La autora de títulos como Las inviernas o Alguien bajo los párpados, narra en el libro historias como las de Manuela das Fontes, que deja a siete hijos pequeños para ser ama de cría en América y se lleva a su perrito para que mame y ella no pierda la leche, o la de un niño huérfano que encuentra el amor en un pequeño cordero y que, tras su desaparición, traumatizado, empieza a comer lana, que vomita en forma de bolas. Pero también la historia de Puriña, que tiene seis dedos y es inválida (aunque en realidad no lo es), y a la que sus padres llevan por las aldeas para pedir dinero; la de un náufrago y el hambre, o muchas otras fábulas que encierran misterio y simbolismo. Son relatos en los que «belleza y aspereza» se dan la mano y en los que muchos personajes luchan por su supervivencia sin ningún miramiento ni empatía, algo que para la autora «es parte de la vulnerabilidad del personaje».

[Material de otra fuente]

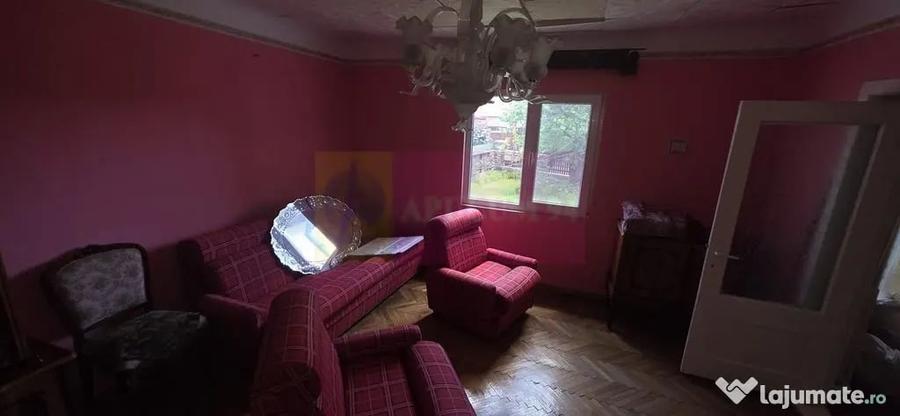 Casă cu 5 camere cu Teren 379 Mp în Central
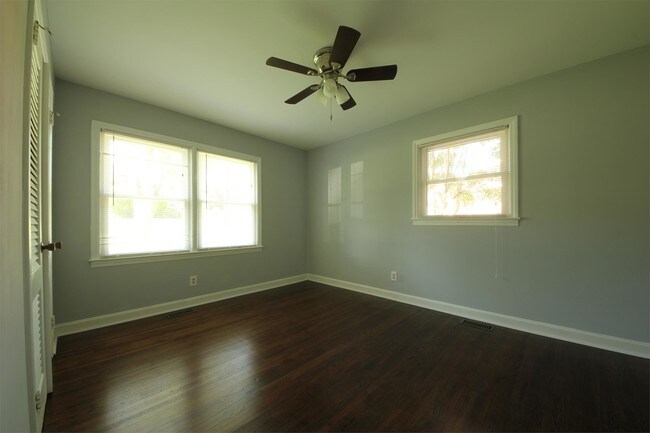 Building Photo - 3700 Crestridge Dr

«Ahora está muy de moda la escritura del ‘yo’ o autobiográfica; a mí me encanta, por cierto. Hay un boom de este tipo de libros: Karl Ove Knausgard, por ejemplo, o mucho más magistralmente La hora del pensamiento mágico, de Joan Didion, o Patrimonio, de Philip Roth. y se basan mucho en resaltar la vulnerabilidad», precisa Sánchez-Andrade, Premio Sor Juana Inés de la Cruz. «Muchas veces la escondemos, porque nos parece que ser vulnerables es una desventaja. Lo que es menos conocido son sus ventajas y creo que, precisamente, estos escritores que he mencionado sí han sabido sacar provecho de las mismas. Hay momentos en que la confesión de la debilidad, lejos de ser catastrófica, es la única vía posible para la empatía y el respeto de los demás», sostiene. «A veces puede que no nos atrevamos a explicar a qué tenemos miedo, que no somos tan buenos como parecemos y que además hacemos el ridículo muy a menudo. Y, más que asustar, estas revelaciones pueden servir para ganarnos el cariño y la confianza de la gente, para humanizarnos frente a ellos. A menudo, al abrir nuestro corazón, el otro también lo hace. Es decir que, a la hora de escribir, hay que ser lo suficientemente fuerte para ser débil», concluye.
Tras el éxito como novelista, Sánchez-Andrade ha decidido poner en practica todo lo que explica y enseña en sus talleres acerca del relato y, por primera vez, aunque tenía algún cuento, ha decidido abrochar un conjunto de ellos en El niño que comía lana.